UETN-Ciena-iCAIR win top awards at international Data Mover competition

Expertise gained in competition to make UETN faster and more robust. The winners will now document their methods in paper about practical integration. 

Map(Singapore) - The Utah Education and Telehealth Network and its partners Ciena and the International Center for Advanced Internet Research (iCAIR) at Northwestern University, won the overall first place award in the international Data Mover Challenge. The SupercomputingAsia Conference in Singapore presented the award March 2.  The UETN-Ciena-iCair team also won the best long-distance performance award. 

The Data Mover Challenge recognizes organizations that rapidly transport a large quantity of data between research institutions. UETN-Ciena-iCair won the top honor by moving two terabytes of data nearly 3,700 miles, using a fiber-optic connection at a measured speed of 62 Gbps. 

In this challenge, the team connected a data node in Saudi Arabia with a data node in Helsinki, Finland to move a data package without saving the data. In another test, between data nodes in New South Wales, Australia and Tokyo, Japan the team achieved a 25 Gbps transfer saving to storage. 

The test occurred the week of October 25- 29, 2021, but the team had a two-month window to develop the software. During the week of the tests, the team was able to make several attempts over five days of tests. Teams were allowed to refine their methods between each attempt. Each of the seven teams used the same dedicated internet connection for its tests — the data transfers did not have to compete with normal internet traffic for bandwidth.

UETN’s partners included iCair, a research organization based at Northwestern University in Chicago, Ill., and Ciena, a publicly traded networking systems and software company headquartered in Hanover, MD. Together they created software that packaged the data inside a “container” for the transfer.

UETN operates a high-speed, fiber-optic network capable of transmitting 100 Gbps, but even on such a network, data is typically transmitted at sub 1 Gbps, said Jim Stewart, UETN’s chief technology officer Data transfers between research institutions can attain much greater speeds with some thoughtful tweaking and prodding. The difficulty, Stewart said, is that everyday data transfers are slowed down by the volume of traffic sharing the internet “pipe” through which data must flow.

Danial Ebling, and IT architect for UETN, led the team that wrote software for the “data transfer as a service,” said Stewart.

Joe Breen with the University of Utah’s Center for High Performance Computing acted as an adviser, helping Ebling develop a single sign-on interface.

“It was my first time working with a multinational team and I had a great experience,” said Ebling. “There was somewhat of a crunch typical of these challenges, however I’m looking forward to participating again later this year.”

Ciena contributed to the project by working on a machine learning part that could be trained on the performance of the data transfers and iCair added software modules that improved storage performance for the project.

This is the second such win for iCair. In 2020, the International Center for Advanced Internet Research (iCAIR), a research organization at Northwestern University in Chicago, Ill. The StarLight International/National Communications Exchange, a non-profit consortium established to enable data intensive science won the “best speed and science integration” award, but no overall winner was given among the seven teams that entered that year.

Now that the contest is over, Ebling said UETN could “package (the software) up a little better,” and offer the data transfer service to researchers at no cost. But before that happens, the winning group will work on publishing a paper on their method and its practical integration.

Stewart said that participating in the international challenge helps UETN learn how to keep its network in top shape. “The bottom line of all this is, we want to be able to make our network perform the best it possibly can for education and telehealth in Utah. We want to know that our network is performing well, and all of this comes home to us in that it teaches us better about how to run our networks, how to move data, how to make sure that the networks are up and performing properly," he explained.

UETN is planning a network upgrade incorporating 400 Gbps circuits to the internet and on the backbone. “We are driving complexity into our networks to a point where every time we do something like this, the networks get faster, and more difficult to deal with, and we have to continue to improve our skills to make it possible for us to keep up,” Stewart said. “The UETN network requires speed and reliability,” said Stewart.
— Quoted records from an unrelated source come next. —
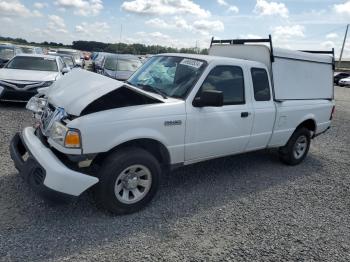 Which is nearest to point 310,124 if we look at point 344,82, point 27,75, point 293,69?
point 293,69

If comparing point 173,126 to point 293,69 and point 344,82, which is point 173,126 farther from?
point 344,82

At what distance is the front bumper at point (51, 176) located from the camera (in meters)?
3.26

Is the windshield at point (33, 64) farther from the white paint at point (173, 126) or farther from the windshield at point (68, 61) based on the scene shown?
the windshield at point (68, 61)

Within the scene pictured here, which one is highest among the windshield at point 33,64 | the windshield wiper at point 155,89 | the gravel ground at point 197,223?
the windshield at point 33,64

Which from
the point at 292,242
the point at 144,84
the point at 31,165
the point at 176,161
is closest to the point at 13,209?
the point at 31,165

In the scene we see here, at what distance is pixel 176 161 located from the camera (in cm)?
425

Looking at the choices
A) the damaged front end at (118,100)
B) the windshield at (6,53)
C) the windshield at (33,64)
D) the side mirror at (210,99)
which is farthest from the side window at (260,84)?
the windshield at (6,53)

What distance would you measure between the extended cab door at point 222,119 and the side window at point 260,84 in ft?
0.65

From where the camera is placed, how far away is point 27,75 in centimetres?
938

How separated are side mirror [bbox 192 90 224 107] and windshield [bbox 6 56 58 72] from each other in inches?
298

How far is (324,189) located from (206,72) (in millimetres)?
2750

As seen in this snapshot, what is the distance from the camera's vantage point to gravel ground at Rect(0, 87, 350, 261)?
324cm

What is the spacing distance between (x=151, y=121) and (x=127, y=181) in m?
0.72

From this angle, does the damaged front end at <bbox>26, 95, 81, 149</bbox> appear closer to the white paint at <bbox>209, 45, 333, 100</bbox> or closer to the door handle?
the door handle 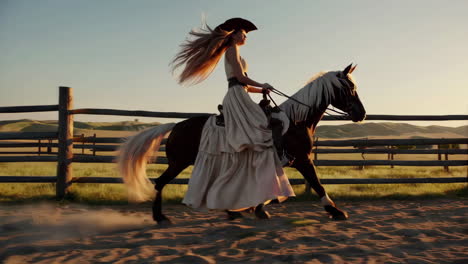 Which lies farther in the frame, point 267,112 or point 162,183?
point 162,183

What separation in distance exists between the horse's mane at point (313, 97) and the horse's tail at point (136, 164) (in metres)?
1.65

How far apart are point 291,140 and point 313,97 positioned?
0.61m

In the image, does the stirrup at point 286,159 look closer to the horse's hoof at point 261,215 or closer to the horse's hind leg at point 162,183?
the horse's hoof at point 261,215

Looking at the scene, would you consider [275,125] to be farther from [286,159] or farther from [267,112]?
[286,159]

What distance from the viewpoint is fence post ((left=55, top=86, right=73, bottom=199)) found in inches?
231

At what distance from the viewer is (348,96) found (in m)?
4.27

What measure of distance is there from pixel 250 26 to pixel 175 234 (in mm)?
2530

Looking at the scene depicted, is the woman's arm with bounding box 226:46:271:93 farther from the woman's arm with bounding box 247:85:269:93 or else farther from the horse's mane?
the horse's mane

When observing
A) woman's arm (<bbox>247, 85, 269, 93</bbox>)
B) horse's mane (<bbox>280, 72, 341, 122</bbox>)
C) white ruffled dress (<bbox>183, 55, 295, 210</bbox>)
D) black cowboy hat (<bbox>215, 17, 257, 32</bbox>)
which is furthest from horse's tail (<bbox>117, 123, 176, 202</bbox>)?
horse's mane (<bbox>280, 72, 341, 122</bbox>)

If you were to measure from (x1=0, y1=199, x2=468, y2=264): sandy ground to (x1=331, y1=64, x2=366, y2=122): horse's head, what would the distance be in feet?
4.37

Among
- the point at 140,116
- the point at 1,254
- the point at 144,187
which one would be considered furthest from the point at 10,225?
the point at 140,116

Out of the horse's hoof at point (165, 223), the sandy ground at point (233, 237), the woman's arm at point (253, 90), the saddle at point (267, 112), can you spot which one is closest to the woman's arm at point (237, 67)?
the saddle at point (267, 112)

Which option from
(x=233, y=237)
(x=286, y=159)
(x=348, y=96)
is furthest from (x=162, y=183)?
(x=348, y=96)

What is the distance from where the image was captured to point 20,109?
→ 6191 millimetres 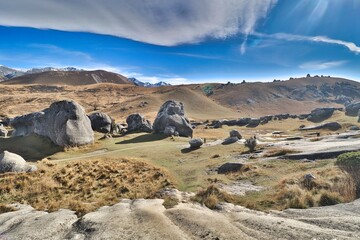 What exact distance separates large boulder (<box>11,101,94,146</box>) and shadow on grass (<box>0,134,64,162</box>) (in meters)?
0.97

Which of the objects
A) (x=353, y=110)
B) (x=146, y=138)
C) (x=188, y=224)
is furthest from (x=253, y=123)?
(x=188, y=224)

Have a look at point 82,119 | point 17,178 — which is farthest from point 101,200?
point 82,119

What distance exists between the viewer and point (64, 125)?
154ft

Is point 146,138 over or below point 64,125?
below

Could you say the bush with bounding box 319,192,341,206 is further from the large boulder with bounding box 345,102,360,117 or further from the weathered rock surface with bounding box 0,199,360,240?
the large boulder with bounding box 345,102,360,117

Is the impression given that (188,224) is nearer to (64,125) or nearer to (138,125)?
(64,125)

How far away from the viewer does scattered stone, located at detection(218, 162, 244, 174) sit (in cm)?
2888

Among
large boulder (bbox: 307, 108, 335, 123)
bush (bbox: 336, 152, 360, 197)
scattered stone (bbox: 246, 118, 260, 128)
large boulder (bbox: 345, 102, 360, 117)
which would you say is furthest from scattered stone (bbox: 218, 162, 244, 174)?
large boulder (bbox: 345, 102, 360, 117)

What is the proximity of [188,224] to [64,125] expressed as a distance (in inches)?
1478

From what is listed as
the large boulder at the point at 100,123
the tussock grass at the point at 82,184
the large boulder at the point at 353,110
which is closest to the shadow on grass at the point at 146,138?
the large boulder at the point at 100,123

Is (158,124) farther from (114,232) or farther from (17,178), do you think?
(114,232)

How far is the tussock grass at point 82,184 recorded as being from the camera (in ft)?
71.5

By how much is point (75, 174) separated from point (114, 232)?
60.0ft

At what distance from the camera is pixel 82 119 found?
5006 cm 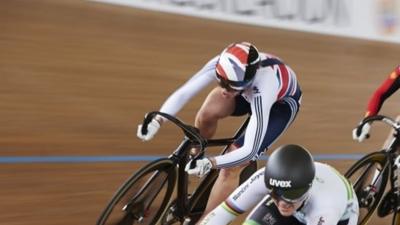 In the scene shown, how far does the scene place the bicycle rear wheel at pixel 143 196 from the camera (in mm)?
3041

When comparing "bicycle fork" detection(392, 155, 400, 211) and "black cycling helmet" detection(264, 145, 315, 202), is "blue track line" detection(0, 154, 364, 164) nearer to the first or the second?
"bicycle fork" detection(392, 155, 400, 211)

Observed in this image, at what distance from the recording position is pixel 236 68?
3037mm

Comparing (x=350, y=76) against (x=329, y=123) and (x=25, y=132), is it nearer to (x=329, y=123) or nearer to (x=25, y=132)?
(x=329, y=123)

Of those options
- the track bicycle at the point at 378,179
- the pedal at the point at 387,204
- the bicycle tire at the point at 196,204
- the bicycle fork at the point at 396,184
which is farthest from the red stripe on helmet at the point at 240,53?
the pedal at the point at 387,204

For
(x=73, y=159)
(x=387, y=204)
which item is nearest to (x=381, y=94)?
(x=387, y=204)

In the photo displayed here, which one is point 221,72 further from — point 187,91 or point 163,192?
point 163,192

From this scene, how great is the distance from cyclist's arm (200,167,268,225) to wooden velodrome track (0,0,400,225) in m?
1.34

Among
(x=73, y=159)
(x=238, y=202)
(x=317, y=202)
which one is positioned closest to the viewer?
(x=317, y=202)

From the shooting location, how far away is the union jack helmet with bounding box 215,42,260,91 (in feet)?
9.96

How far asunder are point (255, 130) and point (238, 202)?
629 mm

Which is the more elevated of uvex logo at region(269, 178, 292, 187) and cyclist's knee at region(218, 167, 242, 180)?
uvex logo at region(269, 178, 292, 187)

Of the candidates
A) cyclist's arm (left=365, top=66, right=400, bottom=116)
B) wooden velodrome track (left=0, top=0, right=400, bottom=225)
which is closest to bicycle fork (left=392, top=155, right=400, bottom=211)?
cyclist's arm (left=365, top=66, right=400, bottom=116)

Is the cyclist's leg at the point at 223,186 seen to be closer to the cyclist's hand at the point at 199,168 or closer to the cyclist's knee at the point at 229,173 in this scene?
the cyclist's knee at the point at 229,173

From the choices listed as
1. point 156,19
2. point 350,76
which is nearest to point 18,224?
point 156,19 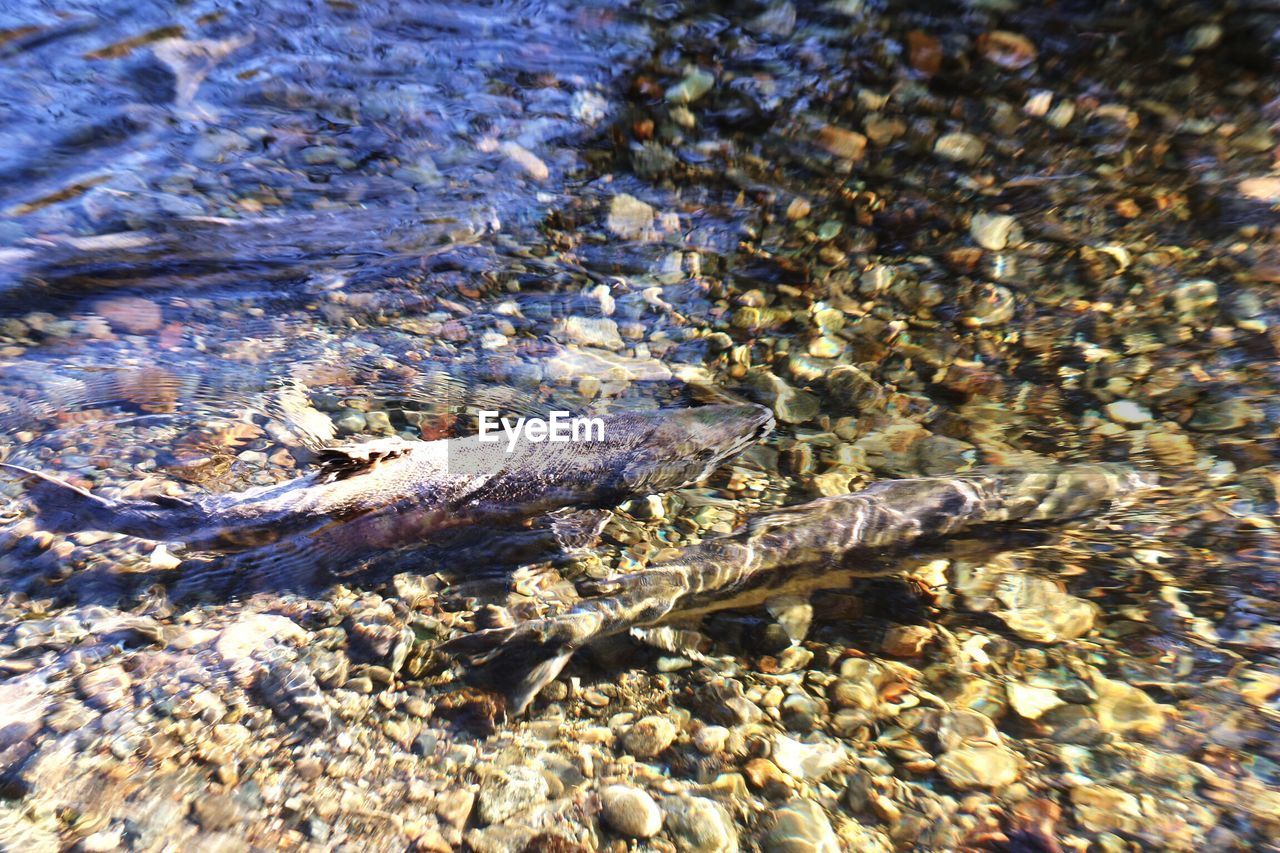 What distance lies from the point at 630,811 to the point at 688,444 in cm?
143

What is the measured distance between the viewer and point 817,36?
172 inches

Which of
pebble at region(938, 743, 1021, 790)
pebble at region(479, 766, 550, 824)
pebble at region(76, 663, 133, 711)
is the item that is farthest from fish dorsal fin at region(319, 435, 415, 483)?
pebble at region(938, 743, 1021, 790)

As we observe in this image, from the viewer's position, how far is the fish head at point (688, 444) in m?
3.09

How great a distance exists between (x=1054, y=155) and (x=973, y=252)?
72 centimetres

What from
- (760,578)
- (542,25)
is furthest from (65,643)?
(542,25)

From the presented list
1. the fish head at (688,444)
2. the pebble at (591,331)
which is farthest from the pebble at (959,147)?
the pebble at (591,331)

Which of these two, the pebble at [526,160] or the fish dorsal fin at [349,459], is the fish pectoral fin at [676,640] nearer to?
the fish dorsal fin at [349,459]

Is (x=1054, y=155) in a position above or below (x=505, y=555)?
above

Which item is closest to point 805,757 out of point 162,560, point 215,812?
point 215,812

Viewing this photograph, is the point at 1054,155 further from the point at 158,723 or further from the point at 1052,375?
the point at 158,723

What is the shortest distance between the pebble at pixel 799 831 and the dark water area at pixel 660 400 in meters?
0.02

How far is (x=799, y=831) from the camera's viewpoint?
2160 mm

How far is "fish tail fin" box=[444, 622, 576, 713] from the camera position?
8.29 feet

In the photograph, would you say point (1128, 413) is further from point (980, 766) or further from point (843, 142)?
point (843, 142)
About UETN. The Utah Education and Telehealth Network is Utah’s broadband provider for education and telehealth. UETN supports equity, reduces barriers and provides high-capacity circuits to schools, colleges, universities, libraries, hospitals, clinics and rural health departments. UETN serves more than 675,000 public school students, more than 202,000 college students and more than 78,000 faculty and staff in public and higher education. It also connects more than 70 hospitals, clinics and health departments. In addition, it operates public television station KUEN, also known as UEN-TV, on behalf of the Utah System of Higher Education. UETN is funded by state, federal and private grants and is based at the Eccles Broadcast Center on the University of Utah campus in Salt Lake City.